Bond market expectations for a June rate cut took a hit Monday as new factory data pushed the odds below 50%, according to Bloomberg data.

The ISM manufacturing index came in hotter than expected, showing expansion for the first time since 2022. A sharp increase in production and new orders fueled the indicator’s rebound, ending 16 months of contraction .

As with previous data, it’s another sign of the United States’ unwavering economic strength, casting doubt on whether the central bank should rush to reverse policy.

Following the release of the ISM report on Monday, long-term Treasury yields saw one of the largest daily increases this year, with 10- and 30-year rates climbing about 13 basis points. Yields climbed as bond traders turned against expectations of rate cuts, triggering a market sell-off.

At the same time, swap contracts indicate that monetary policy will decline by less than 65 basis points this year, according to overnight index swaps and SOFR futures, cited by Bloomberg. That’s below the Fed’s own projections, the outlet said.

Futures market data tracked by the CME Fedwatch tool also shows investors are losing confidence in the June timetable, with fewer than 57% expecting the Fed to cut rates by then . Two weeks ago, 60% expected a reduction that month.

For its part, the Fed remains confident that rate cuts are achievable, with the personal consumption expenditures report released Friday in line with expectations.
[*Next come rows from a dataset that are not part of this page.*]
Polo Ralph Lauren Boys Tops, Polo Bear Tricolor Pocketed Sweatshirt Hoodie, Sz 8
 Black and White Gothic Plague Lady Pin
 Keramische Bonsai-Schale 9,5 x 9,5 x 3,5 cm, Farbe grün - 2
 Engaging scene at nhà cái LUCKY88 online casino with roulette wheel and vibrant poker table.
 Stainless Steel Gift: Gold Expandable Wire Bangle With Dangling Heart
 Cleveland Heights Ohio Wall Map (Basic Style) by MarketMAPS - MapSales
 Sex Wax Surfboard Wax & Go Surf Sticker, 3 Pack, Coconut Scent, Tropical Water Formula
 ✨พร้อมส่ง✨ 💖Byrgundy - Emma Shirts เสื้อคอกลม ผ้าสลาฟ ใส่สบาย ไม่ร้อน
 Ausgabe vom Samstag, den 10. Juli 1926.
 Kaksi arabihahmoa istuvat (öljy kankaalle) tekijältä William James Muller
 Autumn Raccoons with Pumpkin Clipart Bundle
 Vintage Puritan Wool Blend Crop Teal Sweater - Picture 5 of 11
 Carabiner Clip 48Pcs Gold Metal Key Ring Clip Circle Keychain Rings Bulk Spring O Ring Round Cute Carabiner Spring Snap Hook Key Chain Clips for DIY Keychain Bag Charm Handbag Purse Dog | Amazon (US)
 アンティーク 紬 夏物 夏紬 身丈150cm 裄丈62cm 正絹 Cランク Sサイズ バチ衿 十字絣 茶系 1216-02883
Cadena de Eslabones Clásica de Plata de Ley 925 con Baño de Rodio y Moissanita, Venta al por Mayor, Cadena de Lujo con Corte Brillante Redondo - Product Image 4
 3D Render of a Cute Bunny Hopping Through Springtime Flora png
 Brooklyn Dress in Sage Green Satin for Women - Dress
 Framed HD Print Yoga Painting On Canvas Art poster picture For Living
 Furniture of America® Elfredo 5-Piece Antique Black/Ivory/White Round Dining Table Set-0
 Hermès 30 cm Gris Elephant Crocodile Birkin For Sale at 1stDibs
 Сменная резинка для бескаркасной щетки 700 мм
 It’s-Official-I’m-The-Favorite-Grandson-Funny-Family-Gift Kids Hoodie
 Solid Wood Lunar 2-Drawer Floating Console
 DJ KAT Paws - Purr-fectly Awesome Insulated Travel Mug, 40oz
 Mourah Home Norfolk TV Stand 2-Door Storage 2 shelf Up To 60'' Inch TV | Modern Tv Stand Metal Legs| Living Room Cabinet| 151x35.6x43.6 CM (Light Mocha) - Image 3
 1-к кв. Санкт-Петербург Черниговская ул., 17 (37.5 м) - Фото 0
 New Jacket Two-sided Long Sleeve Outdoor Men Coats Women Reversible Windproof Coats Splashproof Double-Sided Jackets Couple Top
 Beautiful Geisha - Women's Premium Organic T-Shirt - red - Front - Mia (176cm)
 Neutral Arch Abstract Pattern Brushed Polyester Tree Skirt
On an annual basis, the inflation measure recorded an increase of 2.5%.

Although Chairman Jerome Powell has since emphasized that this is what the central bank wanted, he indicated that the strength of the economy gave him little reason to rush the cuts.

“Inflation has remained for a few months a little bit higher than one would half hope,” former Vice President Roger Ferguson told CNBC on Monday. “I think right now it’s really a waiting period. Maybe the data will be firmer and maybe it won’t go down, we’ll see.”